## EXERCISE
From the line that holds "Vendo cabrito" to the end of the records, reproduce every line exactly. No pictures.

## STORED DATA

=== Begin Enclosure ===

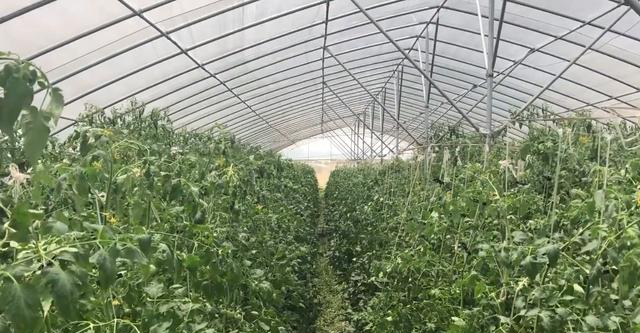 Increase production and save money! Why do farmers grow tomatoes in planting growth bags? Let's come and see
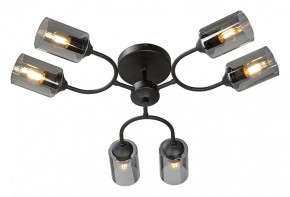 Потолочная люстра Vitaluce V2823 V2823-1/6PL в Ижевске - izhevsk.ok-mebel.com | фото 2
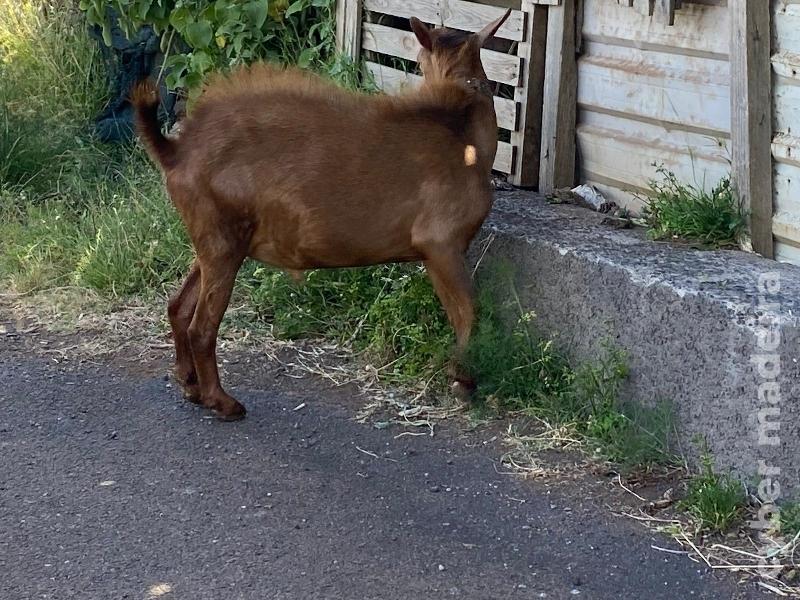 Vendo cabrito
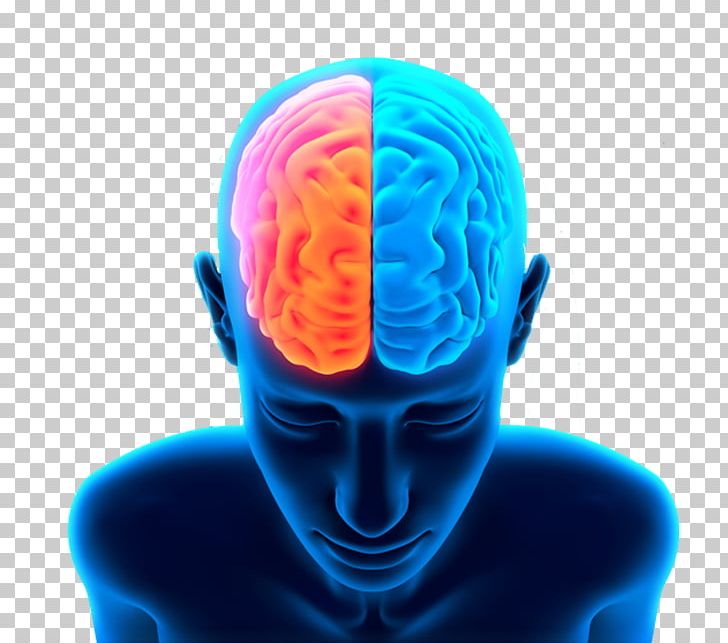 Human Brain PNG, Clipart, Alix, Brain, Brain Injury, Cognitive, Desktop Wallpaper Free PNG Download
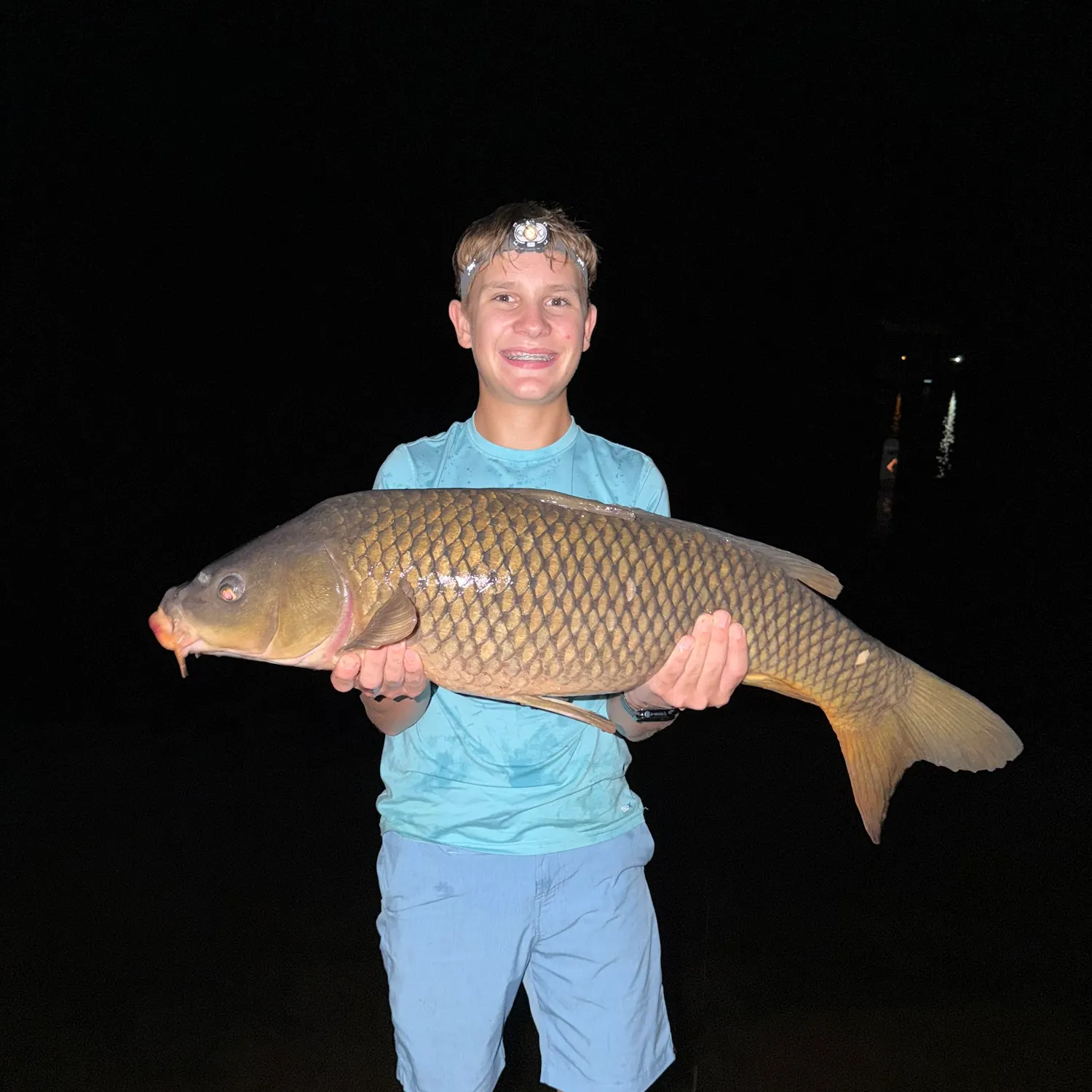 Common carp caught on Fishbrain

=== End Enclosure ===

## REPLY TO THE EXERCISE
 Vendo cabrito
 Human Brain PNG, Clipart, Alix, Brain, Brain Injury, Cognitive, Desktop Wallpaper Free PNG Download
 Common carp caught on Fishbrain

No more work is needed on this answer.